HFT Le chant du fou (1969)
A l'heure de la mort de l'industrie du disque, du téléchargement, du prêt des médiathèques, de la gravure et de la numérisation, les rares albums rejoignant ma discothèque répondent à des critères de sélection plutôt pointus.
D'abord il s'agira d'un artiste que je suis et dont les textes méritent une trace écrite, ensuite ce devra-t-être un bel objet et enfin il faudra que j'ai l'envie de l'écouter en boucle.
Ainsi ces dernières années, les privilégiés ont été : Brigitte Fontaine et son « J'ai l'honneur d'être » en collaboration avec Areski Belkacem et Enki Bilal, Tom Waits « Bad as me », Alain Souchon « La Vie Théodore », Thiéfaine « Suppléments de mensonge » et son dernier opus « Stratégie de l'inespoir ».
Thiéfaine c'est avant tout une esthétique, punkie d'abord, elle évolue vers une imagerie mélancolico-rock. Cet album, qui suit une consécration aux Victoires de la Musique après une carrière underground de plus de 30 ans, témoigne du passage de l'artiste de l'ombre à la lumière.

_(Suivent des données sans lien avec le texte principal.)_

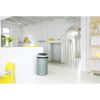 Brabantia Touch Bin New kosz na �mieci zdj�cie dodatkowe 3
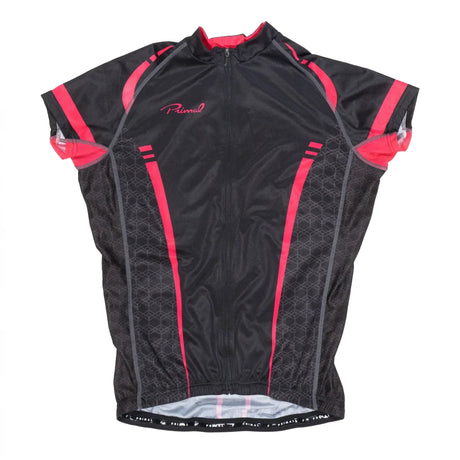 XLBlack/Pink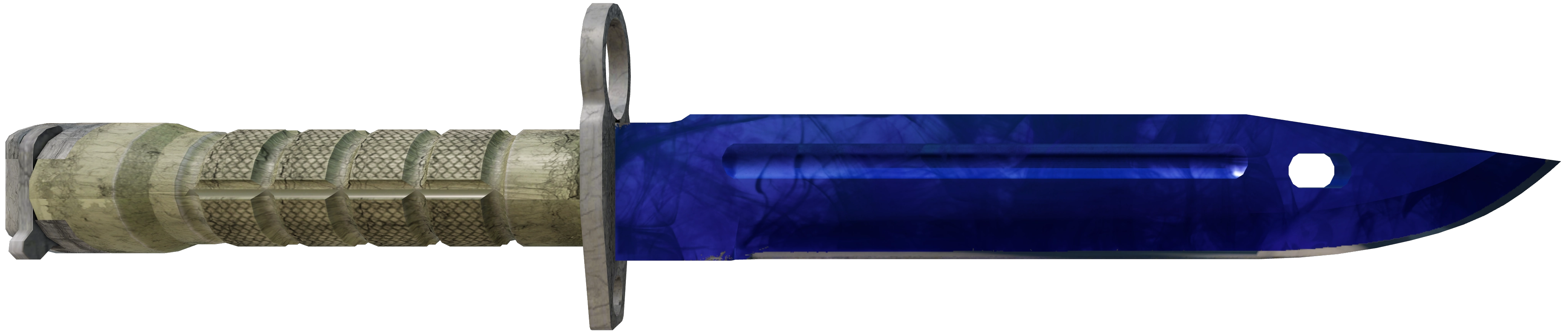 CSFloat sale: Tier 3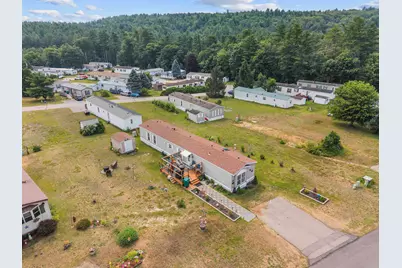 9 Saint Joseph Drive, Belmont, NH 03220 - Photo 22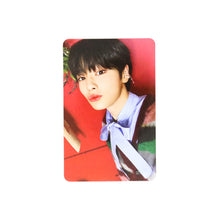Load image into Gallery viewer, Stray Kids 'Christmas EveL' Official Album Photocard
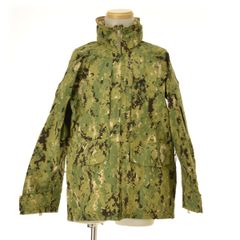 WW2 40s US ARMY 米軍実物 山岳部隊 バックパック - メルカリ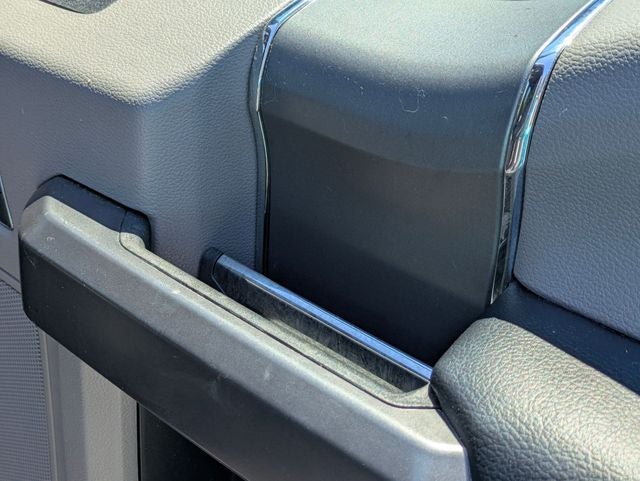 2021 Ford F-350 XLT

Loin d'être racoleur, la première écoute de ce disque laisse un brin dubitatif. Ça manque de rock, de punk... les univers y sont plus nostalgiques qu'électriques. Mais en bonne connaisseuse de l'artiste je savais que je ne devais pas rester sur cette première impression, mais écouter, ré-écouter, comprendre la prose toujours secrète de Thiéfaine, m'acclimater à sa nouvelle voix et permettre que l'artiste puisse évoluer, mûrir, vieillir comme tout à chacun.
Passé par pas mal d'excès, le gars a trouvé depuis quelques années, santé et relative sérénité. Pourtant toujours rebelle, Thiéfaine n'a rien perdu de son regard d'enfant sauvage du XXe siècle et il nous offre encore son cri adolescent mêlé d'une poésie qui n'appartient qu'à lui.
Pétri de culture, le chanteur poète nourri sa musique de références et de clins d’œil. Empruntés à tous les arts depuis l'Antiquité, voir à la préhistoire « on sort d'un vieux logiciel made in Néanderthal-City »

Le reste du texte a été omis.